======== Given data
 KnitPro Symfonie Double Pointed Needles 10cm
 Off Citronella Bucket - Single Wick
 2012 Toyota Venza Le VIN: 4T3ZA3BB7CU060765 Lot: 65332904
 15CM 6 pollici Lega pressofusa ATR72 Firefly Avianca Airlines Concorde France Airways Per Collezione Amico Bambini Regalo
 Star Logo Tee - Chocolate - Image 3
================
======== Given data
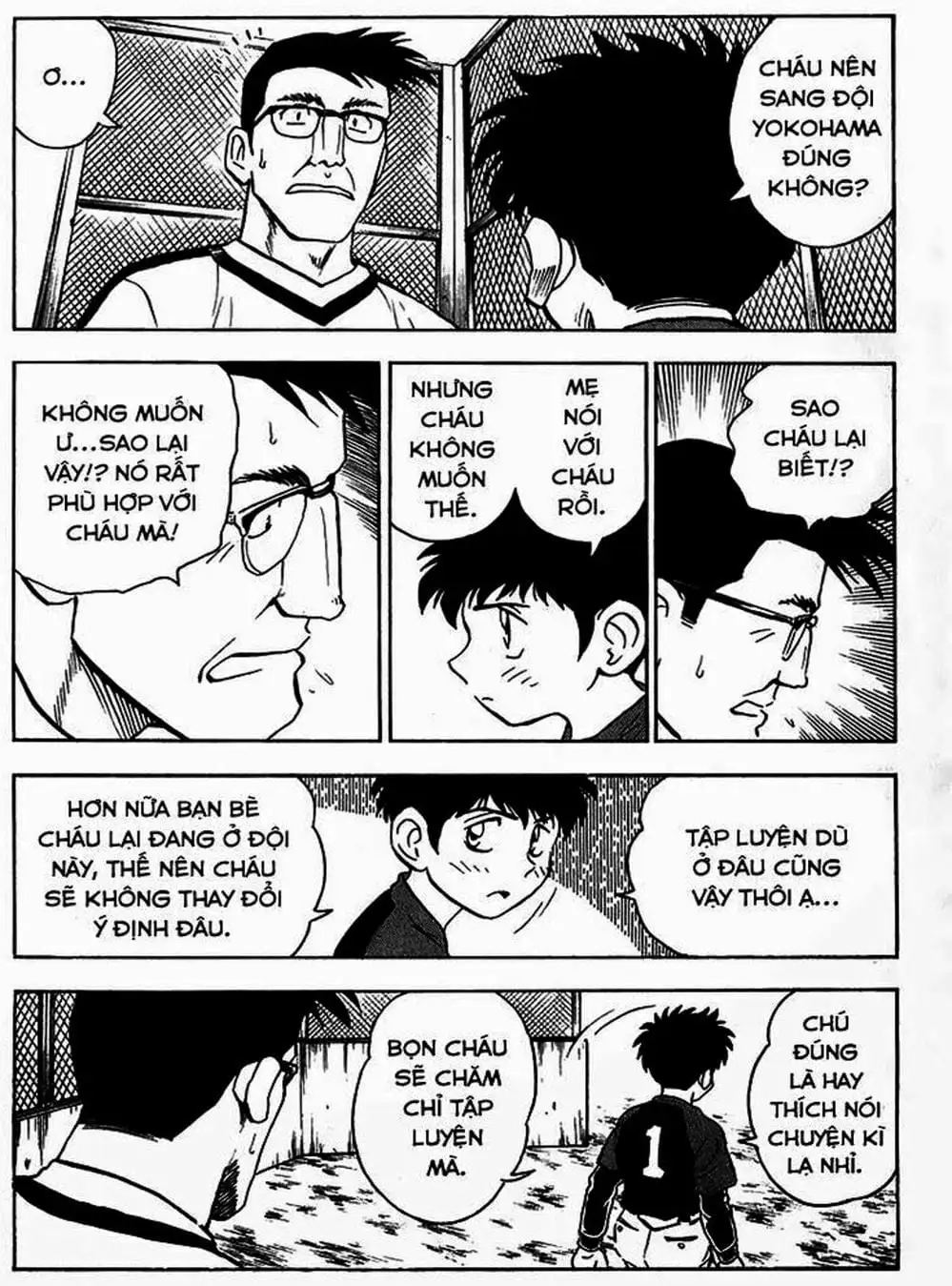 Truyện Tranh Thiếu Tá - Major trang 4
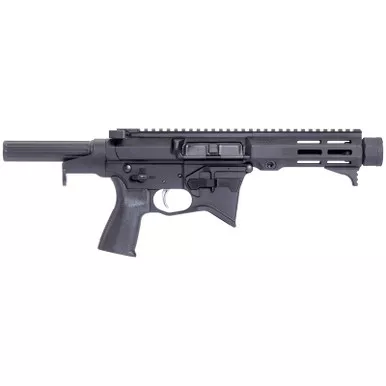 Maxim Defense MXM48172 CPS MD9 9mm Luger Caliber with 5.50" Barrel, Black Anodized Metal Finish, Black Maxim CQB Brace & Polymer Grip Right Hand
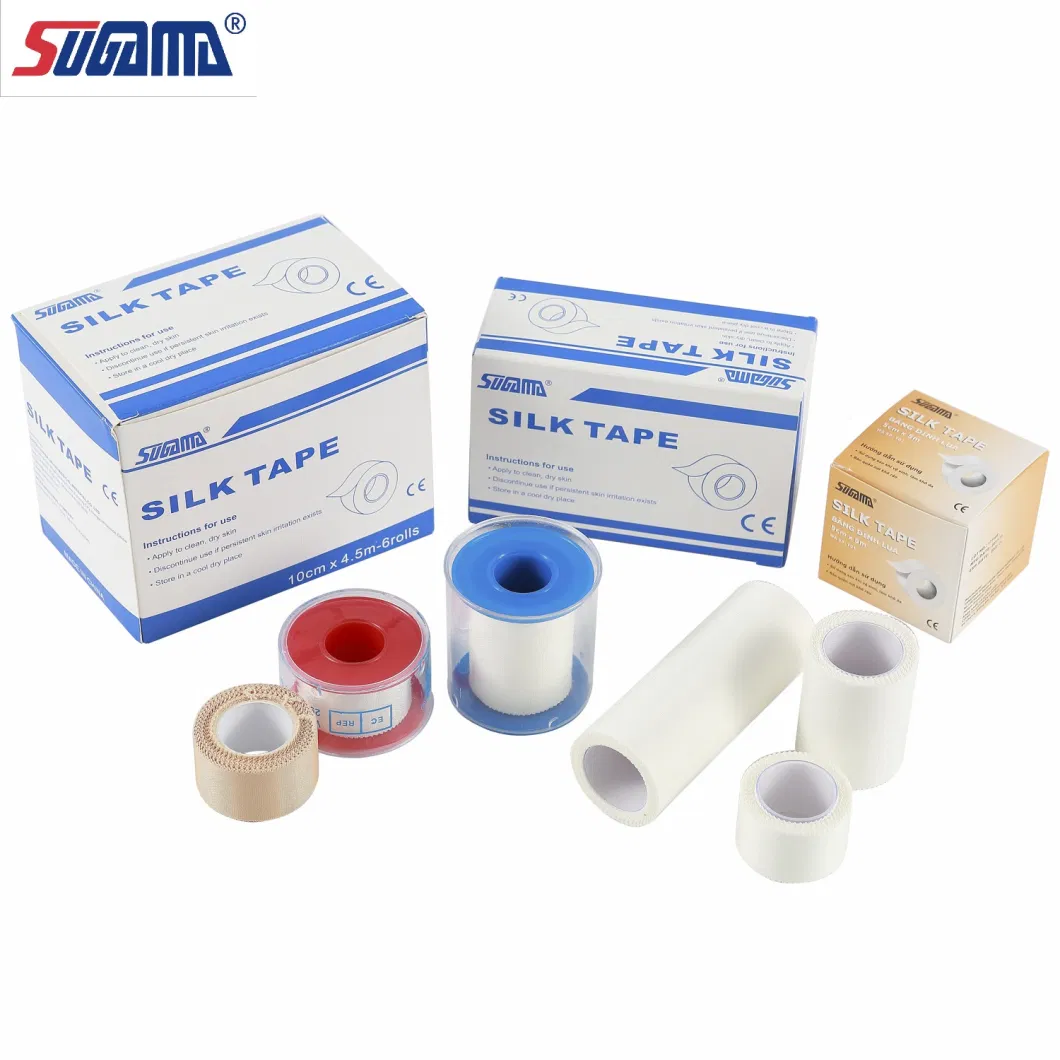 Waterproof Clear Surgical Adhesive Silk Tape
================
======== Given data
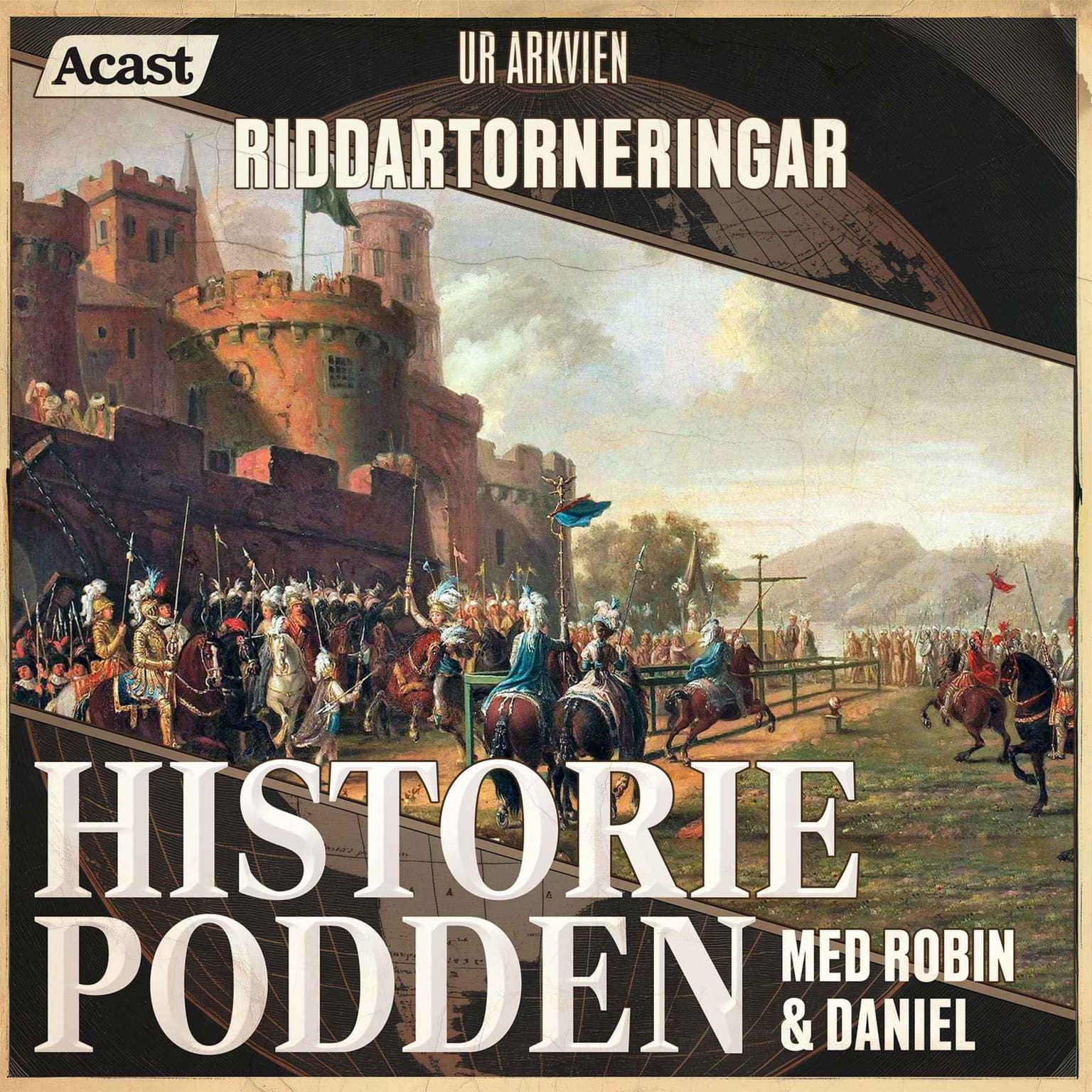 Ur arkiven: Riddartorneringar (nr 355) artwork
================
● **Work required**
There is a run of lines above from the one with "KnitPro Symfonie Double Pointed Needles 10cm" to the one with "Star Logo Tee - Chocolate - Image 3"; print exactly that run, both ends included, and nothing else.

● **Reply to the exercise**
 KnitPro Symfonie Double Pointed Needles 10cm
 Off Citronella Bucket - Single Wick
 2012 Toyota Venza Le VIN: 4T3ZA3BB7CU060765 Lot: 65332904
 15CM 6 pollici Lega pressofusa ATR72 Firefly Avianca Airlines Concorde France Airways Per Collezione Amico Bambini Regalo
 Star Logo Tee - Chocolate - Image 3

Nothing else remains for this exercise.